SEOBlitz

Use this checklist with the SEO Blitz tool. For the scoring rules behind the checks, read the Methodology.

Before You Score the Draft

A content checklist works best when it starts with intent. Before looking at a number, define the reader, the question, and the decision the page should support. A page about "content audits" may serve a founder comparing agencies, a writer improving a blog post, or a marketing manager preparing a request for proposal. Those are different pages.

Write the intended reader in one sentence. Then write the promise of the page in one sentence. If either sentence is vague, the draft will probably become vague too. SEO Blitz can flag thin content and readability issues, but it cannot decide the strategy for you.

Core Checklist

Intent and Structure

Good SEO content is not just optimized text. It is organized help. The top of the page should tell readers they are in the right place. The middle should answer the predictable follow-up questions. The end should make the next step clear without pretending that every reader is ready to buy, subscribe, or contact you.
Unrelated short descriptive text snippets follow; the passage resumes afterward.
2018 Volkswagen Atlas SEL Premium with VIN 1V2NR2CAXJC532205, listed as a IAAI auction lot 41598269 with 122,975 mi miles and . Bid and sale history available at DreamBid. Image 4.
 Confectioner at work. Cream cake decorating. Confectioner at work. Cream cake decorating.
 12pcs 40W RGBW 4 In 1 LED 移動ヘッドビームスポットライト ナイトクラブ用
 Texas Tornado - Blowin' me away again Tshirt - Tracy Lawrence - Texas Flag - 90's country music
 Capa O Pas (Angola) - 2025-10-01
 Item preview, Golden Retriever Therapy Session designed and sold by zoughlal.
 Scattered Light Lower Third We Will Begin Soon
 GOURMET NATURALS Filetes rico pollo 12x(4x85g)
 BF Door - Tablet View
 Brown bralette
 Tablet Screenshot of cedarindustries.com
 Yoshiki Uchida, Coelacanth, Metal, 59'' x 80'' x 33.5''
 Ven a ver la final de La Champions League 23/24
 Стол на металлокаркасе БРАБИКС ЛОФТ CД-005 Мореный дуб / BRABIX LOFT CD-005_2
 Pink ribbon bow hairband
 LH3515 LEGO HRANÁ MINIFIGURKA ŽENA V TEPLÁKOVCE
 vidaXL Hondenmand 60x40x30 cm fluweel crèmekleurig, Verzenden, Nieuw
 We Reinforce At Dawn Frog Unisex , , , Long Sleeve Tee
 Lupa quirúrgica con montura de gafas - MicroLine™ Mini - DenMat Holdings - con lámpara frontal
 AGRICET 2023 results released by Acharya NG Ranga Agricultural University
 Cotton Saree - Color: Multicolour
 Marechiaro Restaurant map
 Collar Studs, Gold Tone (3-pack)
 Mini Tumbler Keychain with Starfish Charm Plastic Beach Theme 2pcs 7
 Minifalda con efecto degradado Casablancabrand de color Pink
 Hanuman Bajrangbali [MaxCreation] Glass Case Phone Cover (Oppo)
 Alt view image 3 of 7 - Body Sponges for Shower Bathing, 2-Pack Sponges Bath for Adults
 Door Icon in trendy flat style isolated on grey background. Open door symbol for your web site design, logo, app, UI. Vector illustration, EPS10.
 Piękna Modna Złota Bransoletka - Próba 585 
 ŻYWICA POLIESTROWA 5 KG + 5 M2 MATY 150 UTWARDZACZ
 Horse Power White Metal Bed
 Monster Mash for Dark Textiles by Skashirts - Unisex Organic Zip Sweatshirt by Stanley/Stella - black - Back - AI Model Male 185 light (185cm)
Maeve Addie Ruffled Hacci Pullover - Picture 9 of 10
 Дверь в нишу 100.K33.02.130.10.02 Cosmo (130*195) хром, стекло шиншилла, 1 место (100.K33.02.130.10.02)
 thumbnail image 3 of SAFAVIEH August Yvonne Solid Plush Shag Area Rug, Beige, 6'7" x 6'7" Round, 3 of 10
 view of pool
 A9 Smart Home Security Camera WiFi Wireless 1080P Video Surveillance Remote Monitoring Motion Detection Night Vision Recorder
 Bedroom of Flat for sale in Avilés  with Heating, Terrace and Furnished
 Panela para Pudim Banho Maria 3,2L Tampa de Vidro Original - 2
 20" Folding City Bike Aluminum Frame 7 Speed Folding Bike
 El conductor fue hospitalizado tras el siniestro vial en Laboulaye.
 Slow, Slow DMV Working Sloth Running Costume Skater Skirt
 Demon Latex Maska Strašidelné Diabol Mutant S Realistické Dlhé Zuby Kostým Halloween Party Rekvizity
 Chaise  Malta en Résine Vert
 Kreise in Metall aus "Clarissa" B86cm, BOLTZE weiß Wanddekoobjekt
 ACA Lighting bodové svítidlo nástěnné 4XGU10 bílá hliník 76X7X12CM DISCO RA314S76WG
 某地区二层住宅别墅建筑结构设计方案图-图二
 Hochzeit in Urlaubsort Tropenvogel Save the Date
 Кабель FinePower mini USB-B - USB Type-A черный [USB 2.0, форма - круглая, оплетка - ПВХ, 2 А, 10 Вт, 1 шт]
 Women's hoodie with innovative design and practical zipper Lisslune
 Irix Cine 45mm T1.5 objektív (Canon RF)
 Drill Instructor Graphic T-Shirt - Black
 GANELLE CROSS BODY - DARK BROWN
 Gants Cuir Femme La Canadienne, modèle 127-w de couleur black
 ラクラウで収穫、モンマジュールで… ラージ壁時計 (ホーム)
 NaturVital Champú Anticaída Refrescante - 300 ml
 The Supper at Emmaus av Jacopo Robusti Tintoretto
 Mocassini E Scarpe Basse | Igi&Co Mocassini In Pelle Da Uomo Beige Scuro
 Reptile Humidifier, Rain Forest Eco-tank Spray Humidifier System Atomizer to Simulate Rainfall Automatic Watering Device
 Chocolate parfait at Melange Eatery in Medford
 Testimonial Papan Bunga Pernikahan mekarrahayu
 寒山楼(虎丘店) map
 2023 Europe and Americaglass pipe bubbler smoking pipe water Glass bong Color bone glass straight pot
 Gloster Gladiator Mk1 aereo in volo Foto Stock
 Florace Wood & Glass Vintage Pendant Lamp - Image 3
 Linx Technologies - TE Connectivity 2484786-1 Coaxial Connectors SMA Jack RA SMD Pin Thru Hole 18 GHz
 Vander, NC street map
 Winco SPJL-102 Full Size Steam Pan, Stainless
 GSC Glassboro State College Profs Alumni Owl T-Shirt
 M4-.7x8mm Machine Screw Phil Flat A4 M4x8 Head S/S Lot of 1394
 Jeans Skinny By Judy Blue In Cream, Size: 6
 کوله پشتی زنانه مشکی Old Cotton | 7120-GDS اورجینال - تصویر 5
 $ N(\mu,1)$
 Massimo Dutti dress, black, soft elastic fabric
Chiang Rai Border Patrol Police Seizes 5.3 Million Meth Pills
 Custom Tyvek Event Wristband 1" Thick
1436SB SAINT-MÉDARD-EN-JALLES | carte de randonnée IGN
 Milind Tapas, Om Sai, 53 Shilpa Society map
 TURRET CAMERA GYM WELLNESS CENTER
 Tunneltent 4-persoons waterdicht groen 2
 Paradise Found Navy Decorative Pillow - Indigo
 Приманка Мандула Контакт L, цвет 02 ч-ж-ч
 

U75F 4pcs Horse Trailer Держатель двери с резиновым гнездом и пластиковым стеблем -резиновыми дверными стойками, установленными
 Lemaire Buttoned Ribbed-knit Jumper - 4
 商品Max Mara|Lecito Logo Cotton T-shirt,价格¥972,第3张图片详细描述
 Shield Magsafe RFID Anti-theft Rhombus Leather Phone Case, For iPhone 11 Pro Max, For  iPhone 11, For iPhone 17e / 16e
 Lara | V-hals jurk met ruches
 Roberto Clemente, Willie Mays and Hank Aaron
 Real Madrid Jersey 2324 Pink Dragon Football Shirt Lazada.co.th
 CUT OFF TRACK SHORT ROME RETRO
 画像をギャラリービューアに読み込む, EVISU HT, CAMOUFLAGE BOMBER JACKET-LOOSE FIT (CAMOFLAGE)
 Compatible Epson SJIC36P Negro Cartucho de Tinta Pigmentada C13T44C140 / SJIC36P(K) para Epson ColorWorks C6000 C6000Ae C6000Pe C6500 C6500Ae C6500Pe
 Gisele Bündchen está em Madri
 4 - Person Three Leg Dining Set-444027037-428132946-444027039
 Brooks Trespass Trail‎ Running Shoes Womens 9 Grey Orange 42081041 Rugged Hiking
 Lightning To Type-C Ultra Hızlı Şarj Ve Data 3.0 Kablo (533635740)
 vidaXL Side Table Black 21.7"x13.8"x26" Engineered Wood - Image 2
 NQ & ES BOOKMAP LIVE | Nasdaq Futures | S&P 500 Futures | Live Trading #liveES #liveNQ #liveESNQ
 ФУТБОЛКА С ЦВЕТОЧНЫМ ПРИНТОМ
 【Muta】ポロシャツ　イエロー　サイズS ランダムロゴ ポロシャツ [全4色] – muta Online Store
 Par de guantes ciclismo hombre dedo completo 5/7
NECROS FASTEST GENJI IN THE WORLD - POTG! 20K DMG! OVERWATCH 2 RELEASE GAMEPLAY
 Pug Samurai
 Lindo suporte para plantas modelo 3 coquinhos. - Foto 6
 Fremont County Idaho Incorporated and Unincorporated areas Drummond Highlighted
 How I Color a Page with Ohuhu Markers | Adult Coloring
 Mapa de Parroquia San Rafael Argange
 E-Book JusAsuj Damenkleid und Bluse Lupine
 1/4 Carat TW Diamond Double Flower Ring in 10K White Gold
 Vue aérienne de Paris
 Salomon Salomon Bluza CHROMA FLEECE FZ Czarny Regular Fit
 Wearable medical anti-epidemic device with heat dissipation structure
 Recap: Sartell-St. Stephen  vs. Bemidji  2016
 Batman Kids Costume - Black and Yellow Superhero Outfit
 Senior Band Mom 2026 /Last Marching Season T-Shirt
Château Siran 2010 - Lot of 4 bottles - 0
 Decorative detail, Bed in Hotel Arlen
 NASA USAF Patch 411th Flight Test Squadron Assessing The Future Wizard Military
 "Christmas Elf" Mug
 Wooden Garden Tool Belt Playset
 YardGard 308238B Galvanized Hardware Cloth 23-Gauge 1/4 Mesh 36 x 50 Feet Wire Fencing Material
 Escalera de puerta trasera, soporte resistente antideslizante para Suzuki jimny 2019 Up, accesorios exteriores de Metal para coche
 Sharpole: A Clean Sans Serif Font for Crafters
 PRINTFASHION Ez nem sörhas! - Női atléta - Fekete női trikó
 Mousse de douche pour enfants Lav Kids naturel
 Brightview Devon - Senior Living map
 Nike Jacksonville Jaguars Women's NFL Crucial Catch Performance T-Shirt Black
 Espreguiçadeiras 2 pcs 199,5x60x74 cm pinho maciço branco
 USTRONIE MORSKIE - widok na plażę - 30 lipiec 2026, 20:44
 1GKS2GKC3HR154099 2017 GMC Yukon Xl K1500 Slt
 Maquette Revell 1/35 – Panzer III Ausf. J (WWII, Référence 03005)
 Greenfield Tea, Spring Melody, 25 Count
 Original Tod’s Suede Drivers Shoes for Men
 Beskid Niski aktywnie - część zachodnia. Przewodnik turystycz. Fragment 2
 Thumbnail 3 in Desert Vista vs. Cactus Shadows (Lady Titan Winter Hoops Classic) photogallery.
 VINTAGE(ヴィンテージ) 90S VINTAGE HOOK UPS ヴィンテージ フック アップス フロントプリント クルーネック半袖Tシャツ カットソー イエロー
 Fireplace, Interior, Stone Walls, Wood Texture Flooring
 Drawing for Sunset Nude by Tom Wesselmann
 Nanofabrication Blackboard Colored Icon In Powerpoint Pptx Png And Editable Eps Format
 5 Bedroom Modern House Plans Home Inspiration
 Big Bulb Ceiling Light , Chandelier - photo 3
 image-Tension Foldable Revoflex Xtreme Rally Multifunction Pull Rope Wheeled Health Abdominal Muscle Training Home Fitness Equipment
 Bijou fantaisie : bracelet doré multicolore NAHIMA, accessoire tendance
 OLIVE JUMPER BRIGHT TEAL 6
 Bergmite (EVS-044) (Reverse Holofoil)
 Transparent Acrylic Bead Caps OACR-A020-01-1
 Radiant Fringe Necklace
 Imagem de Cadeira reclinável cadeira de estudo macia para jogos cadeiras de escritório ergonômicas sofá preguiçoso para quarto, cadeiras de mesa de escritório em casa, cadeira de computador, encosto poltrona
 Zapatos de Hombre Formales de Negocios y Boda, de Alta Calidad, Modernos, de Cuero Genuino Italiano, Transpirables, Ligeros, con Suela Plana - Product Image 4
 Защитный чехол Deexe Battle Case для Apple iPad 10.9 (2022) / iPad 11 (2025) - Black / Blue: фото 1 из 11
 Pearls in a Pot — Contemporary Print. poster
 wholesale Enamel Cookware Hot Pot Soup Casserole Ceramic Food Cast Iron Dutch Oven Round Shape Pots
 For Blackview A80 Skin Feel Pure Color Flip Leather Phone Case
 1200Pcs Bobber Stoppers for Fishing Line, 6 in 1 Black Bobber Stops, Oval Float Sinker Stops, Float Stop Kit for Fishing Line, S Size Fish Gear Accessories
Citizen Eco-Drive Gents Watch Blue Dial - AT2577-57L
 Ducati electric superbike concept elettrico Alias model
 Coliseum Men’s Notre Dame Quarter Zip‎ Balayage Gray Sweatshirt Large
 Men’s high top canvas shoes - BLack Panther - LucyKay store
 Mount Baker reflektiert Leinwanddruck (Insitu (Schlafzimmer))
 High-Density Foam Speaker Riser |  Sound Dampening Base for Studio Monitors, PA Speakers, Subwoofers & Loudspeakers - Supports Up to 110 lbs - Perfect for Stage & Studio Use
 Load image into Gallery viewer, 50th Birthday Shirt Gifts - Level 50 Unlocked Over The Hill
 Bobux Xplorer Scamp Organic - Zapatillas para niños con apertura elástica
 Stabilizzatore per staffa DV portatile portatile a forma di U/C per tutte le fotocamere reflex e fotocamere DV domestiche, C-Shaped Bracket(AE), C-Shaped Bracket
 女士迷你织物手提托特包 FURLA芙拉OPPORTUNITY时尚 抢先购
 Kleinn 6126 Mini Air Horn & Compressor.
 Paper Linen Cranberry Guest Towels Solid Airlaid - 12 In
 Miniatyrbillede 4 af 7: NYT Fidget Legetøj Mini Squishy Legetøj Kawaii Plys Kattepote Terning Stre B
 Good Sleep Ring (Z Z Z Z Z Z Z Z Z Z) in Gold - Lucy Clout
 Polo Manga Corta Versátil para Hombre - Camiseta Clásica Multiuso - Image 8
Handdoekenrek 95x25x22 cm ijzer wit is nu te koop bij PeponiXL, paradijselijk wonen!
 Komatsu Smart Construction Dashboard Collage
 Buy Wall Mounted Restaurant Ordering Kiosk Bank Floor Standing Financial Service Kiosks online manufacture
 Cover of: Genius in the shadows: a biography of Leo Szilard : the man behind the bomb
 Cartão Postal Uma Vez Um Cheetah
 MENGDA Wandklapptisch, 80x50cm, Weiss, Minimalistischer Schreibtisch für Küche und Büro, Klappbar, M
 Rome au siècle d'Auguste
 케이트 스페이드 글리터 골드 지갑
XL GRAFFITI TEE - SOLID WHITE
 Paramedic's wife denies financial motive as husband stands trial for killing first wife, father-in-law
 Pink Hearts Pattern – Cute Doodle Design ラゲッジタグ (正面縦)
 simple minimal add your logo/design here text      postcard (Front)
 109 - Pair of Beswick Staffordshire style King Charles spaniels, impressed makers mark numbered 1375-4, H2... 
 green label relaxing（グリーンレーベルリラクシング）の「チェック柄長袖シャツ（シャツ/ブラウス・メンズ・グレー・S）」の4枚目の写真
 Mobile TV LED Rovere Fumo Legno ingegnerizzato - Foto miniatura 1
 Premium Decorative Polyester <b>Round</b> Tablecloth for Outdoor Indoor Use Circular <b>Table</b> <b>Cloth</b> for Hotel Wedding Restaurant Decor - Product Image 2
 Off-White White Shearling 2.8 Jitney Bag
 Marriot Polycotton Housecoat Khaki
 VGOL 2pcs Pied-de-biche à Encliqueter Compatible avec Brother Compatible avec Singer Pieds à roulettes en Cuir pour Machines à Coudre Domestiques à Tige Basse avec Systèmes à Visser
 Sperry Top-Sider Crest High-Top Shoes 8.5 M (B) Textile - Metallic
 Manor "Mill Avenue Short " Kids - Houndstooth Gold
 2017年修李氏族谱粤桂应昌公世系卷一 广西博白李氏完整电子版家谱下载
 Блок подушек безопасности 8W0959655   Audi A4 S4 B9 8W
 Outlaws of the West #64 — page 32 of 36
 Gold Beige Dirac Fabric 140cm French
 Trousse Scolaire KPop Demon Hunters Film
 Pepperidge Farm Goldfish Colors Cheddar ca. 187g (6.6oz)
If a draft wanders, outline it after writing. Label each section with the question it answers. If a section cannot be converted into a question, it may be filler or brand-centered copy. Replace it with an example, a comparison, a process step, or a limitation that readers actually need.

Depth Without Filler

Weak AdditionUseful Addition
"SEO is important for every business."A short example of how a local service page fails when it does not answer pricing, service area, and trust questions.
Repeating the target keyword in every paragraph.A section explaining related terms naturally, such as audit scope, title tags, content gaps, and internal links.
A generic conclusion.A next-step checklist that tells the reader what to inspect before publishing.

Readability Review

After scoring, read the draft on a narrow screen. Long lines and dense paragraphs often look acceptable on a desktop editor but become tiring on mobile. Break paragraphs where the idea changes. Replace abstract claims with concrete nouns. Prefer a short list when a sentence contains several parallel items.

Keyword and Topic Review

The keyword cloud should feel unsurprising. If your article is about "SEO content briefs," the repeated terms should include words like content, brief, outline, query, writer, keyword, and intent. If the cloud mostly shows generic words, the draft may need more precise language. Do not force exact-match repetitions; add clearer explanations.

Example Workflow

Start with a draft, paste it into SEO Blitz, and note the top three issues. If the score says the page is thin, expand sections with original examples before editing sentence length. If the score says sentences are long, split them before adding more content. If the keyword cloud is off-topic, rewrite headings and examples around the primary reader problem.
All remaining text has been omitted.